Monday, July 31, 2006

Tao of Yeshua: Introduction

One thing I really like about summer is how I can simplify my life a bit.

The end of Spring Term is always busy and stressful, partly because of final exam grading but mostly because of trying to process a year of teaching to decide how to improve for next year. I almost completely plan my Fall Term classes during finals week and the week after.

Then it's really summer, and I have ministry work to do but no math teaching for a few months. So I do more yard work, spend more time talking with congregants and friends, and try to finish some projects that have been on the back burner.

One very back-burner project was a translation of the Tao Te Ching. To make use of Don Richardson's phrase for things like the Gospel in other cultures, this text is clearly the "redemptive analogy" for its culture. Every since becoming a believer I've wanted to find or write a translation that brought out its connections to scriptural truth.

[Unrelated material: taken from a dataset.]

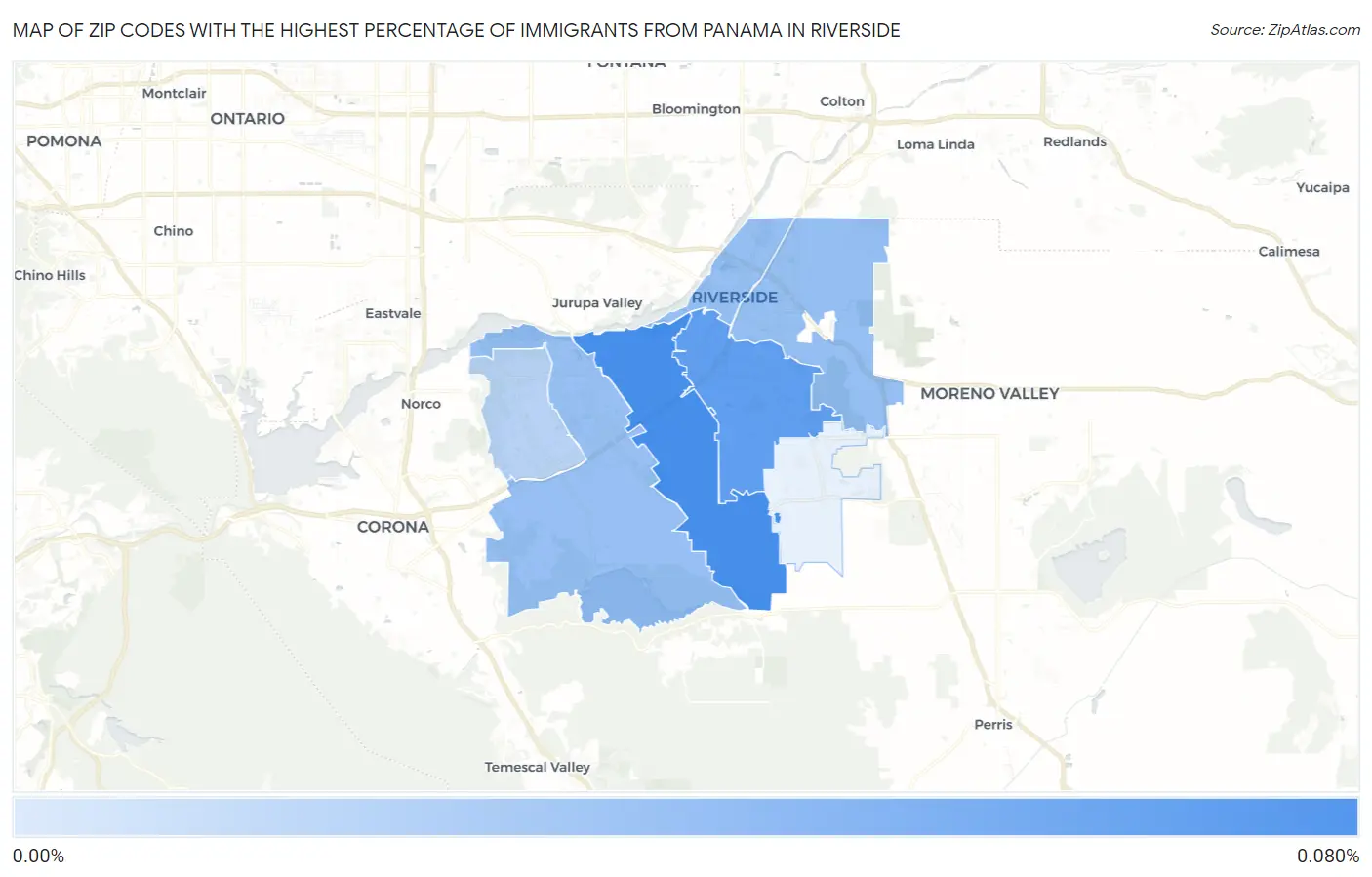 Zip Codes with the Highest Percentage of Immigrants from Panama in Riverside Map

I cannot find one, so it's my new activity for winding down before bedtime. Studying the text fits well within a period of simplifying my life. I'll try to post a chapter a day on the blog. But no promises... this project is fun and prompts me to consider worthwhile thoughts, but has no real priority in my life.

Since I know no Chinese, I'm making use of several English translations. The most helpful is one by J. J. L. Duyvendak because of its extensive commentary on translation issues.

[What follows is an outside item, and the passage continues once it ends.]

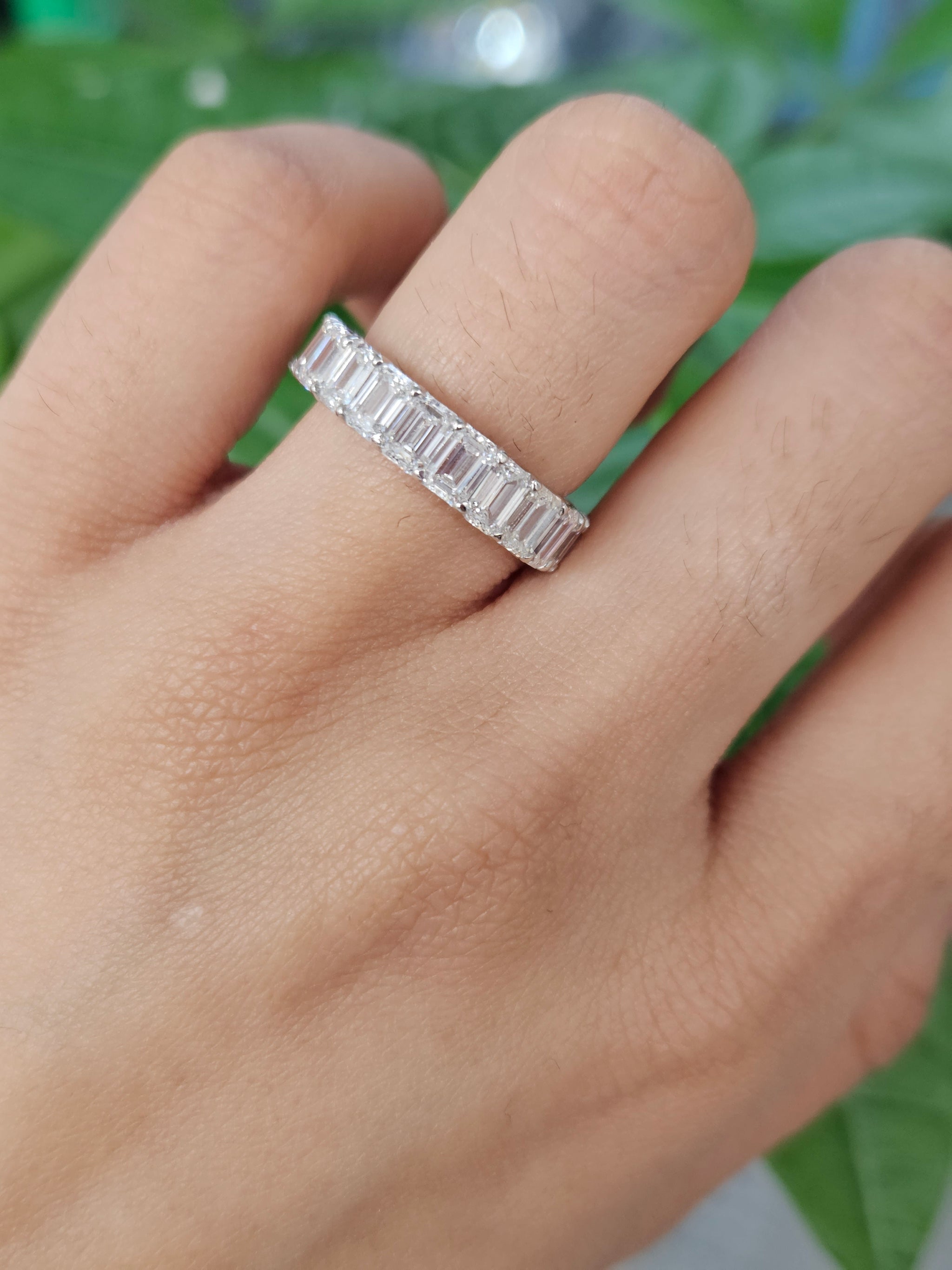 18k White Gold 5.95 Total Carat Weight Emerald Eternity Band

For many reasons there cannot be a "correct" or "best" translation of this text. But that does not mean my translation will always be reasonable. Please know that I have reasons for the choices I make, but also please e-mail me if you have helpful criticism. (For an example, in Chapter 6 the word I translate as "meek" is more commonly translated "female". The word literally refers to a mare. Rather than thinking Lao Tzu used "mare" to mean "female", I am agreeing with translators who note that the Book of Changes associates this word with its second hexagram, which means meekness.)

After each chapter's translation I'll include my own notes, italicized and right-justified.

In my notes I will follow Jewish custom by using the word Adonai to refer to the Tertragrammaton, yud-hey-vav-hey. This name refers to all aspects of the divine: Father, Son and God's Spirit. (In contrast, to Jewish ears, the word "God" is a translation of Elohim, which refers to the Father.)